-- WHAT IS NEEDED --
Quote every line below exactly and skip any picture.

══════════

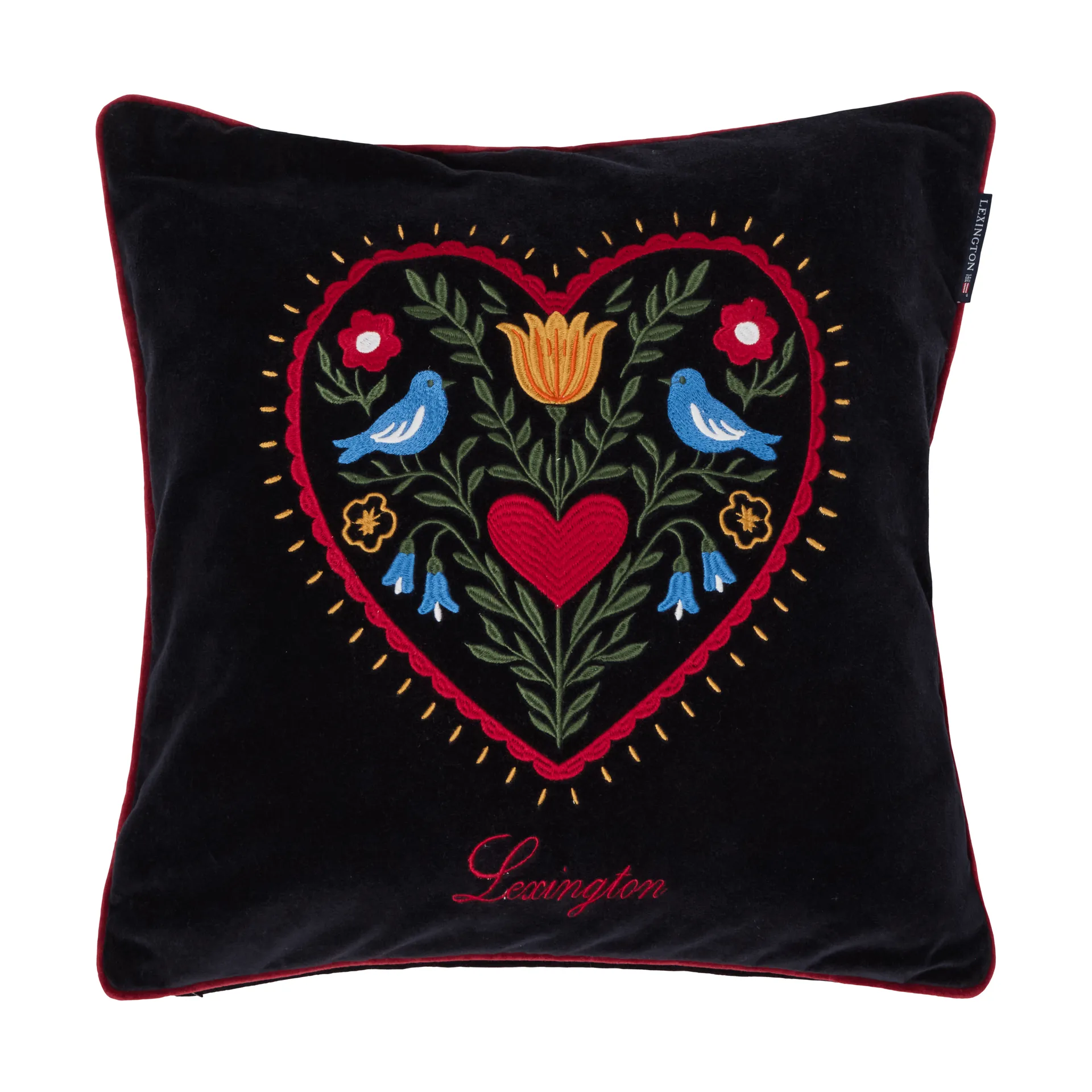 Heart luomupuuvillasamettinen tyynynpäällinen, Black-multi, 50x50 cm Lexington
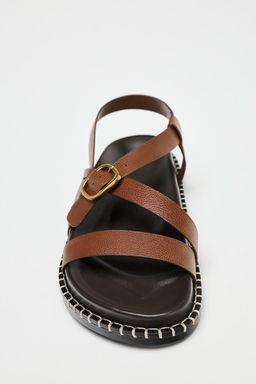 FLAT LEATHER SANDALS WITH CRISS-CROSS STRAPS - Zara фото 7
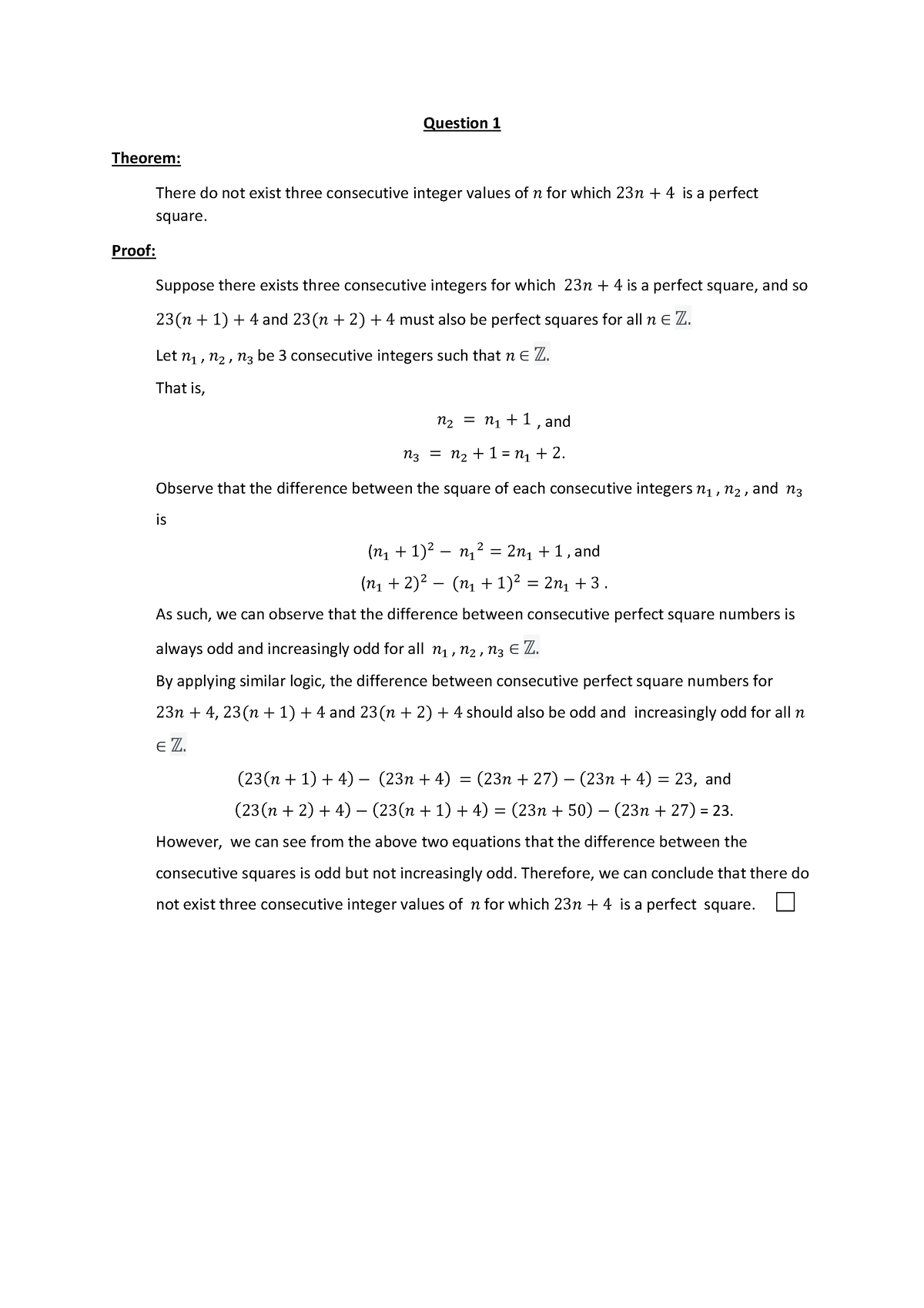 Math1081 assignment 1 - Theorem: There do not exist three consecutive ...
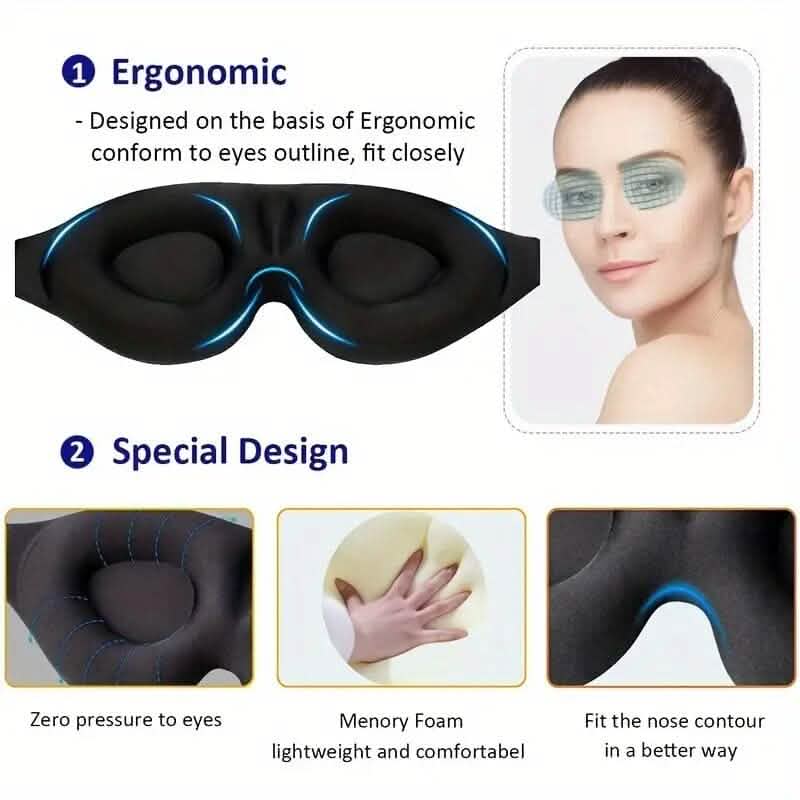 3D Contoured Cup Sleeping Mask and Blindfold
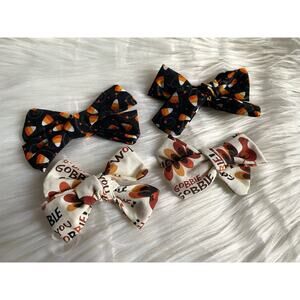 Handmade Halloween and Thanksgiving Piggy Bow Sets- Turkey and Candy Corn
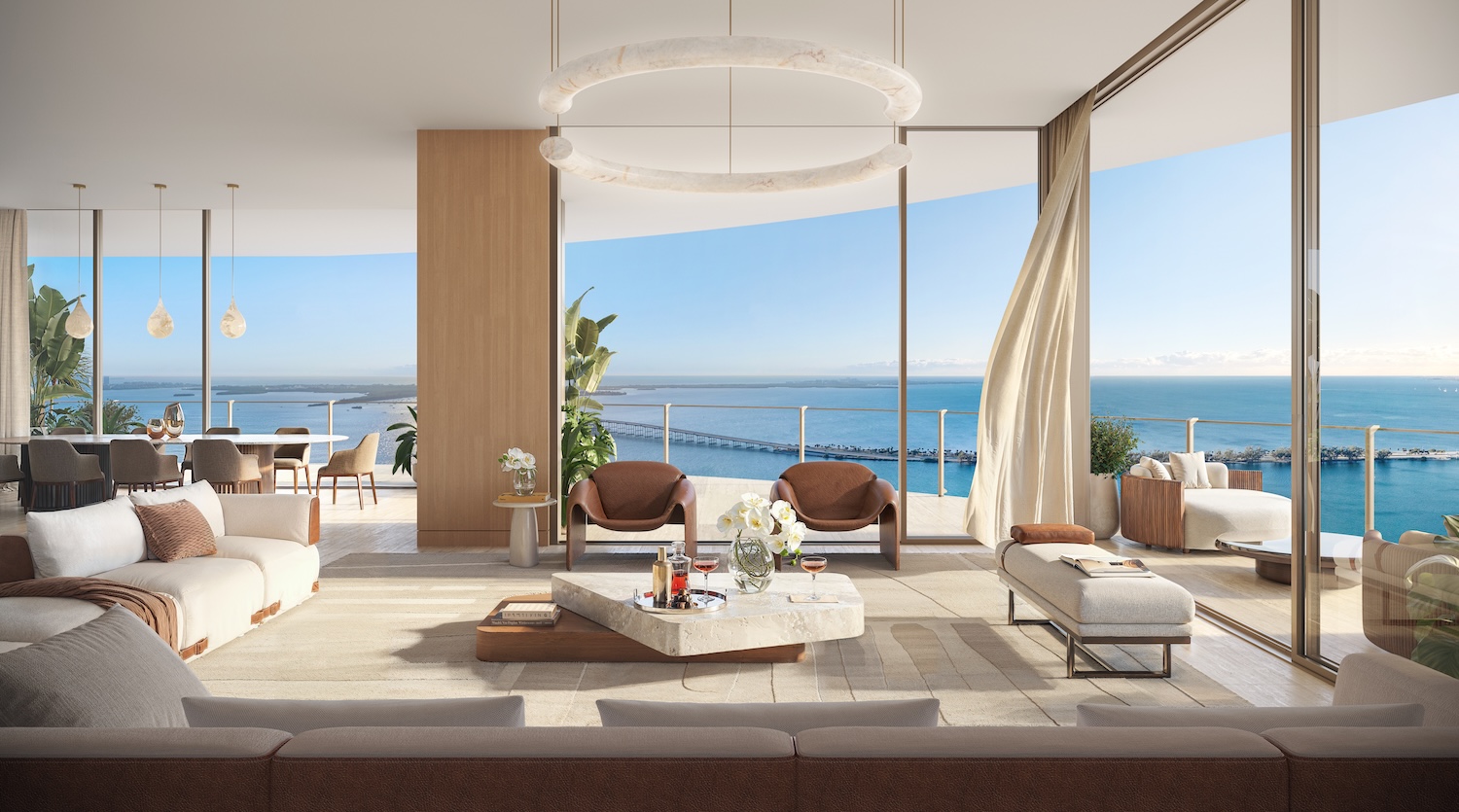 619 Brickell residence living room rendering with floor-to-ceiling windows and Biscayne Bay views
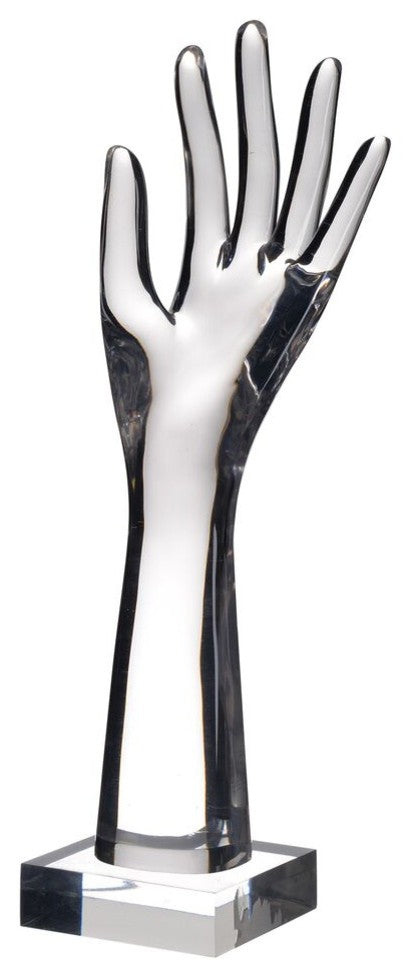 Polyresin Hand Decor On Base, White and Black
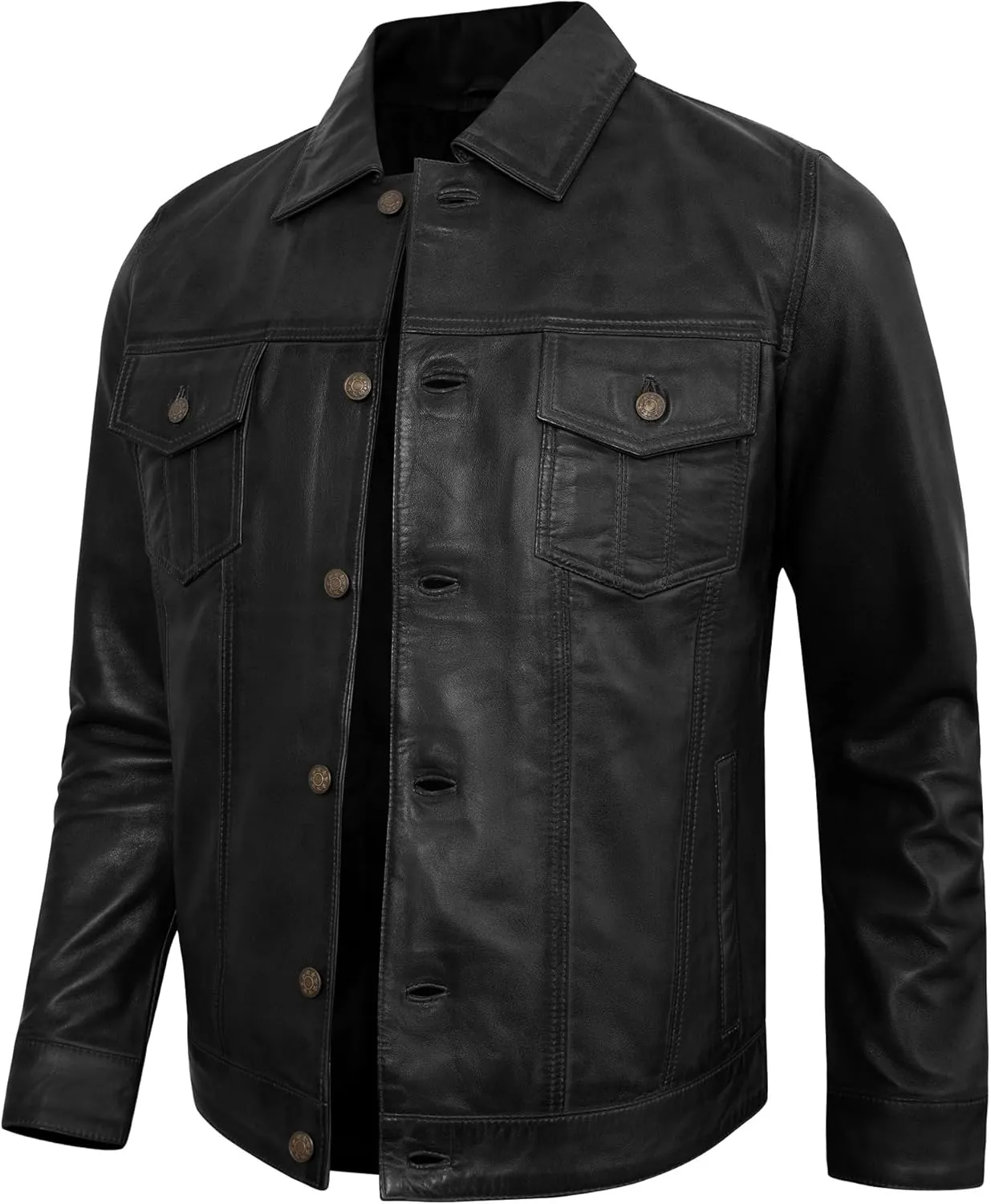 Casual Real Lambskin Vintage Style Outwear Mens Leather Jackets - Turn Down Collar Leather Trucker Jacket Men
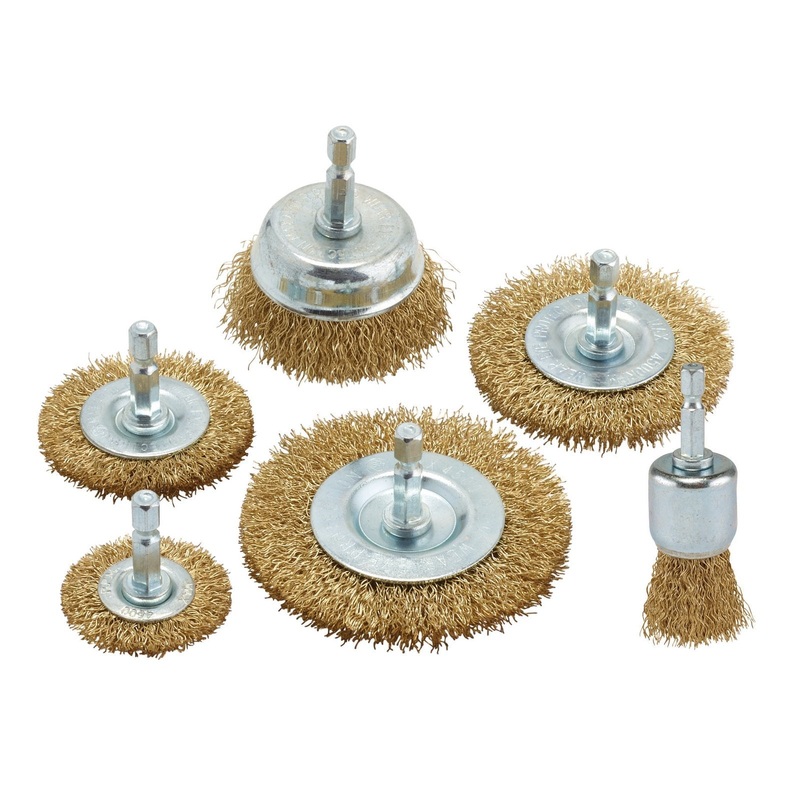 Draper Brassed Steel Crimped Wire Brush Set (6 Piece) - WBSET6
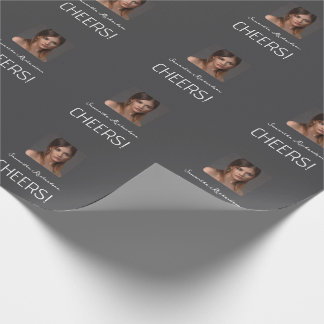 Papel De Presente Nome do Script de Foto Branco da Cinza Escura Eleg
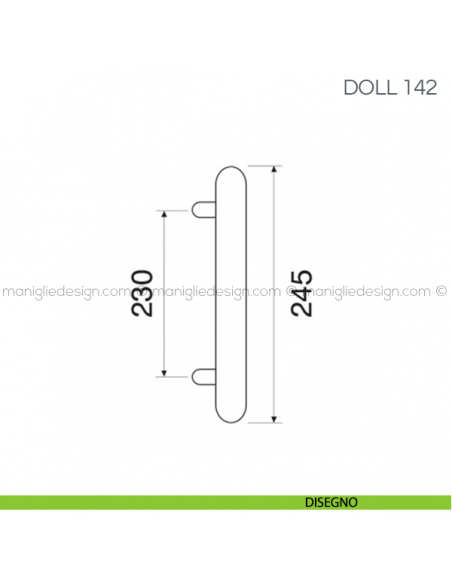 Maniglione in porcellana per porta Doll Fimet Handles disegno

══════════

-- SOLUTION TO THE PROBLEM --
 Heart luomupuuvillasamettinen tyynynpäällinen, Black-multi, 50x50 cm Lexington
 FLAT LEATHER SANDALS WITH CRISS-CROSS STRAPS - Zara фото 7
 Math1081 assignment 1 - Theorem: There do not exist three consecutive ...
 3D Contoured Cup Sleeping Mask and Blindfold
 Handmade Halloween and Thanksgiving Piggy Bow Sets- Turkey and Candy Corn
 619 Brickell residence living room rendering with floor-to-ceiling windows and Biscayne Bay views
 Polyresin Hand Decor On Base, White and Black
 Casual Real Lambskin Vintage Style Outwear Mens Leather Jackets - Turn Down Collar Leather Trucker Jacket Men
 Draper Brassed Steel Crimped Wire Brush Set (6 Piece) - WBSET6
 Papel De Presente Nome do Script de Foto Branco da Cinza Escura Eleg
 Maniglione in porcellana per porta Doll Fimet Handles disegno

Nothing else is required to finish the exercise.